- The bitcoin community is awaiting the next big development called the Lightning Network.
- Lightning will enable instant transaction and microtransactions.
- On Tuesday, the bitcoin network "locked in" a decision to implement "segregated witness", or SegWit.
The bitcoin community is eagerly waiting for the next big development called the Lightning Network, a technology that enables instant transactions.
This after it reached a new milestone on Tuesday, with the digital currency network "locking in" a decision to implement a new piece of technology called SegWit, that improves capacity of the bitcoin network.
"The Lightning Network is a game-changing innovation, which utilizes smart contract technologies to enable instant micropayments using cryptocurrencies such as bitcoin," Aurélien Menant, founder and CEO of digital currency exchange Gatecoin, told CNBC via email.
On Tuesday, the bitcoin network passed a threshold of support required to lock in a new piece of software, called 'segregated witness' or SegWit. This is intended to improve the capacity of the bitcoin network and allow for more transactions to take place. It also paves the way for Lightning Network products to be introduced later this year.
"Bitcoin's SegWit means the many well-financed companies researching Lightning solutions can start to test on the main network," Fran Strajnar, co-founder & CEO of data and research company Brave New Coin told CNBC via email.
Companies and developers have been anticipating Lightning for over two years, according to Strajnar. He expects products for the network to reach the market very soon.
Bitcoin hit a record high of more than $3,500 on Tuesday morning, before dropping down 3.8 percent to around $3,390, according to Coindesk. The price jumped to $3,480 on the back of the announcement that a decision to implement SegWit to the blockchain, the technology that underpins bitcoin, was locked-in.
price has since dipped and is currently trading around $3,360. The digital currency is up 247 percent year-to-date.
Currently, bitcoin transactions are validated through a process called mining, where powerful computers solve a complex math problem before the transaction is recorded on the blockchain. A whole confirmed transaction can take up to an hour.

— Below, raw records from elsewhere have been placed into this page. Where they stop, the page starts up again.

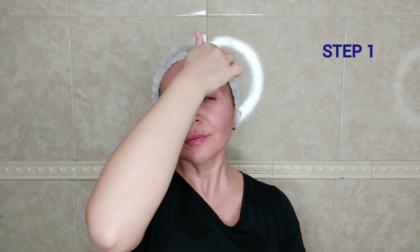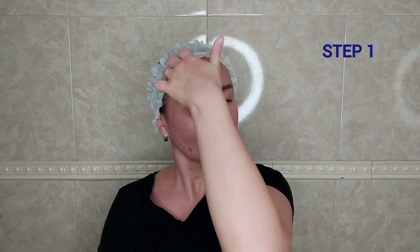Step 1: Use the knuckles to go all over the face along the massage lines. In this way we will achieve a slight reddening of the skin and wake up our muscle tissues. Then give our lymphatic fluid a direction — try to stretch the side of the neck at the same time.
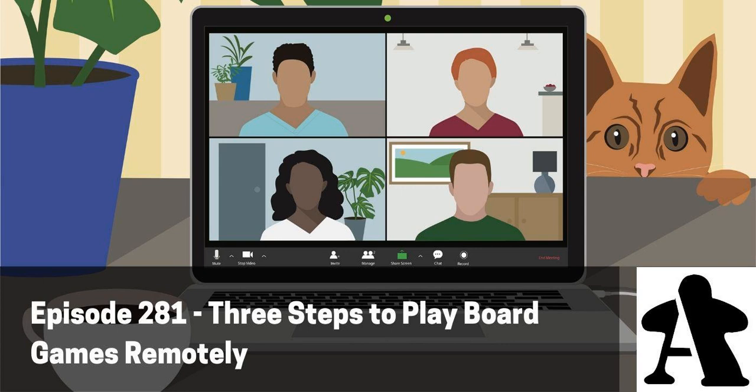We'd like to thank all of our Patreon backers for helping us bring you a brand new episode, but especially David Cooper — you rock. Here we are with a brand new episode talking about how to play board games remotely. This is one of the challenges we're dealing with right now, since we can't all be at the table together, but we still want to play physical board games.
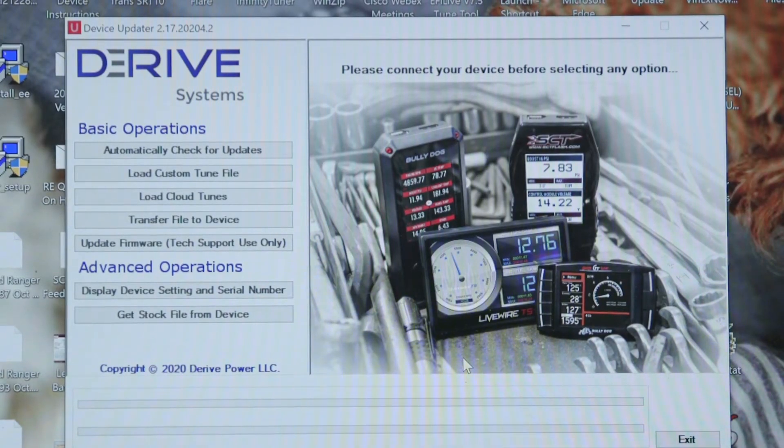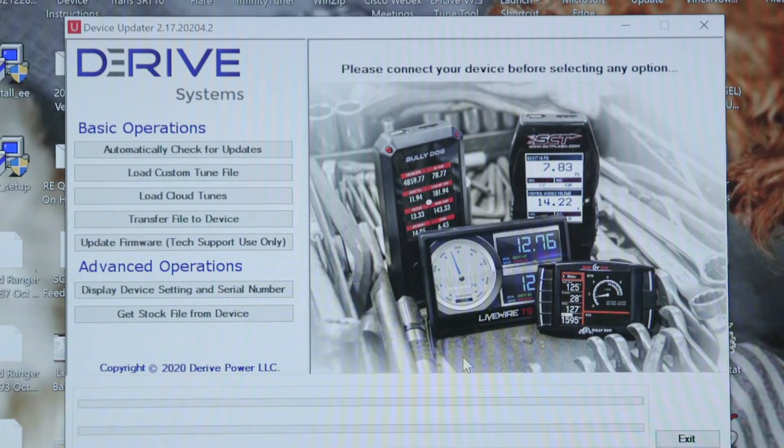The first step, you will open Device Updater, which is a free download on sctflash.com. Next is hooking up your tuning device to your laptop using the provided USB cable.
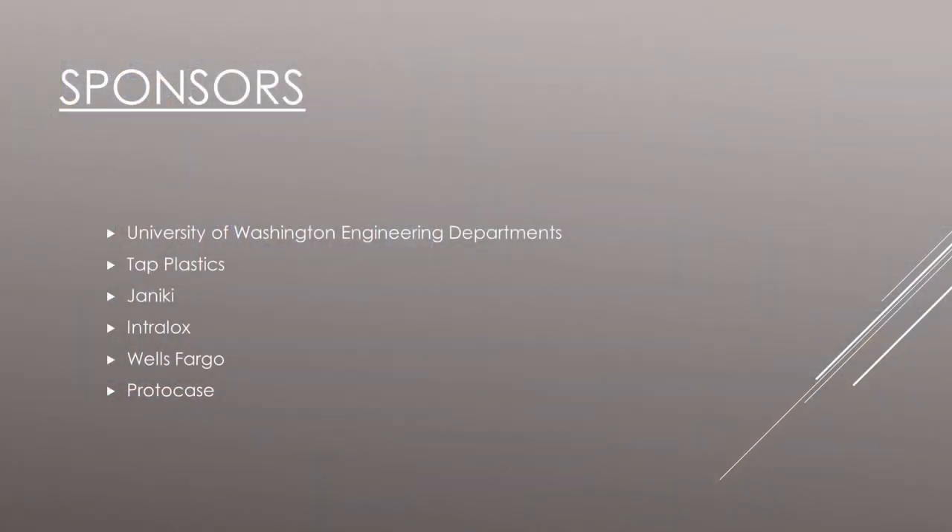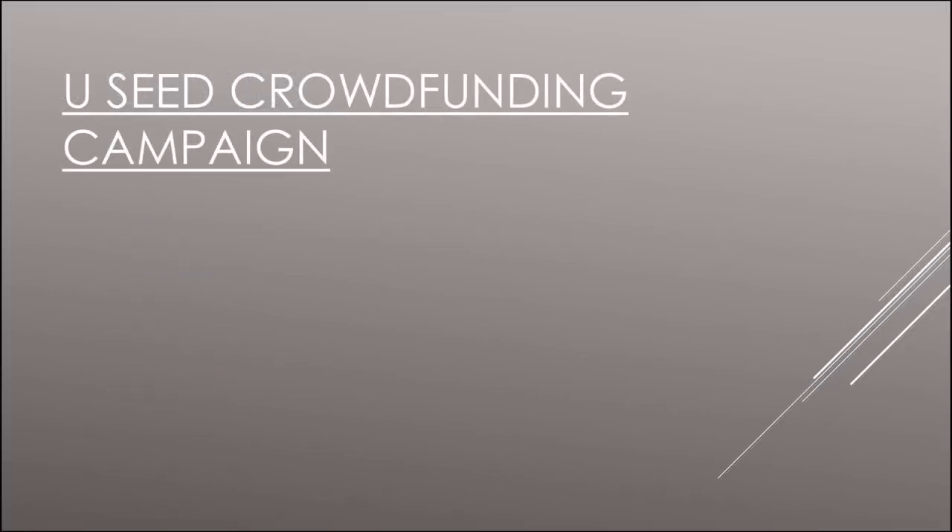We are fortunate to have strong support from the engineering departments at the University of Washington, and our continued sponsorship from Tap Plastics, Janicki, Intralox, and Wells Fargo. We have fully utilized our Protocase sponsorship, and we are thankful for their cooperation. In addition, we have started a new crowdfunding effort with UCED. As a result of this additional funding, we will be bringing more members to the competition this year.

The Lightning Network promises to reduce this process to seconds. It requires participants to agree to a transaction on a separate channel and then the blockchain will update their accounts accordingly. This can be done without the need for miners or third parties such as digital wallet providers.
The developers of Lightning say this means transactions can be instant, will allow for micropayments of bitcoin and enable a larger volume of transactions. It may even help bitcoin be used more on the high street.
"Lightning can be used at retail point-of-sale terminals, with user device-to-device transactions, or anywhere instant payments are needed," the developers said in a summary document.
Lightning will make bitcoin a long-term competitive payment platform and could revolutionize peer-to-peer payments, according to Gatecoin's Menant.
"Particularly with regards to micropayment transactions that may be useful for emerging markets with low-value local currencies," he said.
"It can also be implemented to facilitate machine to machine payments, using its smart contract framework, so that firms running various automated processes can benefit from direct payment relationships between its software and that of its clients or suppliers."
SegWit is the result of a long-term "scaling debate" within the bitcoin community about how to reduce the backlog of transactions and add more capabilities to the digital currency. The majority of the community backed SegWit, which moves some data outside of the network to increase its capacity.
However, a section of the community was unhappy with this solution and forced a "hard fork" to the blockchain, splitting it in two and creating a new currency called "bitcoin cash", which is currently worth just $338, according to data from Coin Market Cap.
The Lightning Network is unlikely to cause another blockchain fork in the future, according to Brave New Coin's Strajnar.
"As we now have bitcoin cash, there is a much lower risk of future forks, as future arguments will default to 'just use bitcoin cash'," he says.
Now that SegWit is locked into the network, bitcoin miners, a term used for those who produce new bitcoins and validate transactions, and service providers have a two-week grace period to upgrade their software before SegWit is activated.